Traveling through Japan
After the FANTOM meeting, I activated my JR (Japan Rail) Pass (a must if you want to travel and save money). I visited the cities of Kyoto, Nara (where deer, right on the streets would eat out of your hand and lick the side of your face like a dog), Hiroshima, and Fukoka, the last stop on the Shinkansen (bullet train). Fukoka is in Kyushu, the southernmost of Japan's four principal islands, where I went to the Takeo Onsen and the live volcano, Mt. Aso. From Fukoka, I took the bullet train all the way to Japan’s untouched wilderness in Hokkaido, the northernmost of its major islands. I briefly stopped in Hakodate, a beautiful city with the freshest seafood, but skipped over Saporro, the capital of Hokkaido, and headed east towards Shari. I reserved the overnight train so I wouldn’t lose any time traveling during the day. My first stop was this hot springs waterfall that I heard about from a friend in my lab, Kamuiwakka Takki. It was the most amazing site I’d ever seen, as hot water from the earth’s interior splashed down into a pool of water deeper than you could touch the bottom. Next I hiked up Mt. Laos into the clouds, and spent the night at the bottom in Iwabetsu Onsen. Hitchhiking is easier than waiting for the bus in this area, as there are only two per day, and I was lucky enough to find someone going to the same place as me, Lake Moshu. This is the cleanest most pristine lake in all of Japan, and the fog lifted so you could see the lake’s island. After that, it was my trip coming to an end, and my last meal in Japan was a king crab that I hand picked and brought to the restaurant to cook. Yum!
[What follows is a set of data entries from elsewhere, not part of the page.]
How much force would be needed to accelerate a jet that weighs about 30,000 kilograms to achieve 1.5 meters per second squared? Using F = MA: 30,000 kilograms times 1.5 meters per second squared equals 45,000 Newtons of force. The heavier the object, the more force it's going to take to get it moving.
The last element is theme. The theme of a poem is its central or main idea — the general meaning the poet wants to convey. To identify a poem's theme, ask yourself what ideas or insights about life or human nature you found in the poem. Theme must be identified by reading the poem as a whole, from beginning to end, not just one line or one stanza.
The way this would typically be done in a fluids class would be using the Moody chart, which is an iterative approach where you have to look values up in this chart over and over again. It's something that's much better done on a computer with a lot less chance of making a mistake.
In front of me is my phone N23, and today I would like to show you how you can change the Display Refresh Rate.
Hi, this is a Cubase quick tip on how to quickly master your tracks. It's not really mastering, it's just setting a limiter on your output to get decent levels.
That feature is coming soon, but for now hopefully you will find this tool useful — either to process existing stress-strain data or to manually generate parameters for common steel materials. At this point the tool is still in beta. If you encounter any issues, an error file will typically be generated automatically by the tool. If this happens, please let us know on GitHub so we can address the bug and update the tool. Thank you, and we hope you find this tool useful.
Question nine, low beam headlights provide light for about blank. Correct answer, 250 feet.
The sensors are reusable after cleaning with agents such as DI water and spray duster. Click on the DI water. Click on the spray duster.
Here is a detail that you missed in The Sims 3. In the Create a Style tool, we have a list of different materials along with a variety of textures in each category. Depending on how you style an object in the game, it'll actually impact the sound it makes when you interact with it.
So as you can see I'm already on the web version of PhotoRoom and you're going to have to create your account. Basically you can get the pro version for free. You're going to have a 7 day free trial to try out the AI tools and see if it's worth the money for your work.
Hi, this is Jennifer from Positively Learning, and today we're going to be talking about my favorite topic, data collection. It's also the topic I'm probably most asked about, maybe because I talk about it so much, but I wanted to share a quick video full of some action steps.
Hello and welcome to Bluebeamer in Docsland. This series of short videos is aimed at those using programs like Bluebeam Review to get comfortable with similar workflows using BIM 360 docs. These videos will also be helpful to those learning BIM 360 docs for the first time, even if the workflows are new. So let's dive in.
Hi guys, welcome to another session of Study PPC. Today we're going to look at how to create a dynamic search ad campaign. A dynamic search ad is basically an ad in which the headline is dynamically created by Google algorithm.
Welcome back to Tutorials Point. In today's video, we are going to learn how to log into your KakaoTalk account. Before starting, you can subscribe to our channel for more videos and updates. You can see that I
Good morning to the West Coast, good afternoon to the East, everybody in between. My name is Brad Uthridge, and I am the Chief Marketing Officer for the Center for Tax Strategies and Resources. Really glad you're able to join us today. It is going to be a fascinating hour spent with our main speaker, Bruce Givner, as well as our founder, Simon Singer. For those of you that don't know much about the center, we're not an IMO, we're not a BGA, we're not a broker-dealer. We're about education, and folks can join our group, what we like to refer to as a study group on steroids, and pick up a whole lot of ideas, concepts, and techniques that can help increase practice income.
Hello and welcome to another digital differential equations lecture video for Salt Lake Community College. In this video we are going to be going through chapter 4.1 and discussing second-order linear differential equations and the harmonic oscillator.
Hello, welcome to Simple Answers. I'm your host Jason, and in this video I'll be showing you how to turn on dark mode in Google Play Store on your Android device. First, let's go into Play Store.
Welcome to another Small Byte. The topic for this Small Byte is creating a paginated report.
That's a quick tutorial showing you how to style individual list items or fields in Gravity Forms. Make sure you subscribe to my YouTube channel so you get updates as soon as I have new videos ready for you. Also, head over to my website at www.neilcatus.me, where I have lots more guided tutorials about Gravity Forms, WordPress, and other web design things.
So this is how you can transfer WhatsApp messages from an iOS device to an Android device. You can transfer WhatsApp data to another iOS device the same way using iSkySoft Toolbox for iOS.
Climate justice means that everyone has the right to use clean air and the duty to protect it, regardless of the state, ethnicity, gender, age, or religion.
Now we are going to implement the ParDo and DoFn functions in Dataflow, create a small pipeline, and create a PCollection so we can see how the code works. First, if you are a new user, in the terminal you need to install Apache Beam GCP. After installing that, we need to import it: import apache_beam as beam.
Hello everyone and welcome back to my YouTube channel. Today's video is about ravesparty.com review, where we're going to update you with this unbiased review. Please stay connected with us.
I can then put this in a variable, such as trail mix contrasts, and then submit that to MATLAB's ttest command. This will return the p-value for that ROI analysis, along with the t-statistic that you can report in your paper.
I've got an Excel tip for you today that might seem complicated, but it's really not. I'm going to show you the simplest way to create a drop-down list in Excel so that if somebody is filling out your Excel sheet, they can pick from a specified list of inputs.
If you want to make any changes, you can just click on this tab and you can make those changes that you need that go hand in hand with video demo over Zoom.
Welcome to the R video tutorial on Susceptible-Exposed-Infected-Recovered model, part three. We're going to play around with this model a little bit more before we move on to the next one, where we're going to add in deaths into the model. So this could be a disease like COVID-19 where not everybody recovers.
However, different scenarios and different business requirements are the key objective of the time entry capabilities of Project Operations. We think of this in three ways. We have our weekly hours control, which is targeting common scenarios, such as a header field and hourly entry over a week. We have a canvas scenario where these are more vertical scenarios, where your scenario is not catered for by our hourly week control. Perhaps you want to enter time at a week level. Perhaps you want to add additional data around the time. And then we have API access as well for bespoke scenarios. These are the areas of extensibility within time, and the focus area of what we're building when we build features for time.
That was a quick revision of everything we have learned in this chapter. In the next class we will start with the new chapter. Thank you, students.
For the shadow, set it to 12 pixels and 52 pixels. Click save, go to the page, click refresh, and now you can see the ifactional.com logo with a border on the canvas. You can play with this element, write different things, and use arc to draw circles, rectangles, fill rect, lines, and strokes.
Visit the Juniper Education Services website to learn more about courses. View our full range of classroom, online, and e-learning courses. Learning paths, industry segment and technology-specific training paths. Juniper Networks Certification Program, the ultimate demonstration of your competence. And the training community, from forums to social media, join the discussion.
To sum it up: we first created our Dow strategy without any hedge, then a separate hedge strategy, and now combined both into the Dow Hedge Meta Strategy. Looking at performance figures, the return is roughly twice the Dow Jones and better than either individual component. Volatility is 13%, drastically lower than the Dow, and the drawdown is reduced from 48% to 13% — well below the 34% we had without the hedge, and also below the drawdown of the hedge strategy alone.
All in all, my trip was amazing. The only down side was an auto accident I was in during the time I was working in the lab at RIKEN. Obviously, the accident didn’t stop me from finishing off my trip with traveling and hiking, but needless to say, I am very fortunate–fortunate to not only be alive and well, but fortunate to have had the opportunity to participate in this most wonderful program.